I. FACTUAL BACKGROUND

Buyer is a landscaping company located in Wisconsin. A significant part of Buyer's business is snow removal, both providing snow removal services on its own and selling bulk rock salt to other snow removal companies. Generally, Buyer had been able to meet its salt demand through domestic suppliers such as Morton and Cargill. However, in the summer of 2014, it became clear that domestic suppliers would not be able to meet the demand for rock salt in the Great Lakes area. Accordingly, Buyer sought out alternative sources of salt.

Buyer ultimately turned to Seller. Seller had access to salt from Morocco through its Spanish supplier, Pardira Premium S.L. ("Pardira"). This was the first time that Buyer had done business with Seller. Buyer's order was in excess of 24,000 tons, which was Buyer's largest salt order in the history of the business.

The parties agree that the contract for the salt purchase was the subject of extensive negotiation. Relevant to the current dispute are the negotiations regarding paragraph 10. Seller's initial draft contained the following provision:

10. This agreement will be effective upon [Buyer] and [Seller's] signing of this Agreement document and monies being transferred in accordance with this Agreement. Delivery timing will be provided upon confirmation of this agreement.

Buyer had its attorney review and propose significant changes to Seller's draft. One of those changes was to strike the language "and monies being transferred in accordance with this Agreement" from paragraph 10.

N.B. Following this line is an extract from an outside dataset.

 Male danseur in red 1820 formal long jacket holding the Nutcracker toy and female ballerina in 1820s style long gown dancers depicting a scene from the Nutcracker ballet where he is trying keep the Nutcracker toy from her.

By August 2014 market conditions were such that any further delay in consummating the agreement would cost both sides additional money. On August 7, 2014, Seller sent another draft agreement to Buyer, emphasizing that a "fast decision" was needed. Buyer orally confirmed its agreement to Seller's most recent draft the same day, and Seller confirmed that the transaction would proceed via email. Seller then took the necessary steps to mobilize the shipment of the sale, which included wiring approximately $700,000.00 to Pardira. Seller forwarded an "updated" agreement to Buyer the next day, although it appears that the August 7 and August 8 documents are substantively the same.

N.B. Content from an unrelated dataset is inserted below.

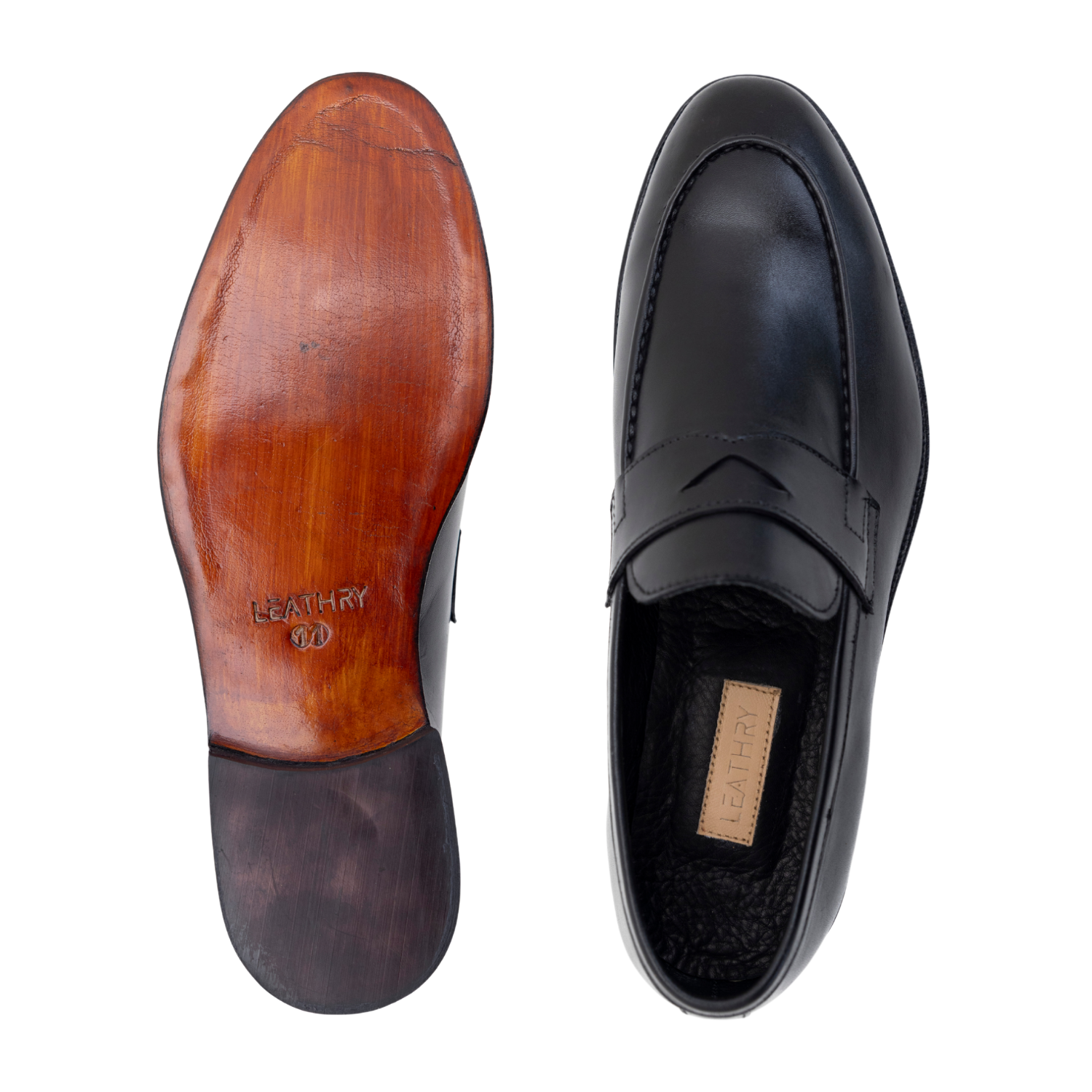 Black leather loafer shoe with wooden sole on a white background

Several days passed without Buyer returning a signed copy of the agreement. On August 11, 2014, Seller reached out to Buyer to inquire as to the status of the contract. A text message exchange occurred between representatives of the parties in which Buyer stated, "we have a commitment so don't worry." (ECF No. 49-1 at 113-16). Buyer further promised to provide a signed copy of the agreement the next day. True to its promise, Buyer did provide a signed copy of the agreement (Id. at 19) (the "Agreement") and requested Seller's wiring instructions so that the required down payment could be made. Notably, the only substantive change to the Agreement from the initial draft proposed by Seller was a handwritten provision regarding title to the salt. The rest of the provisions, including paragraph 10, remained the same.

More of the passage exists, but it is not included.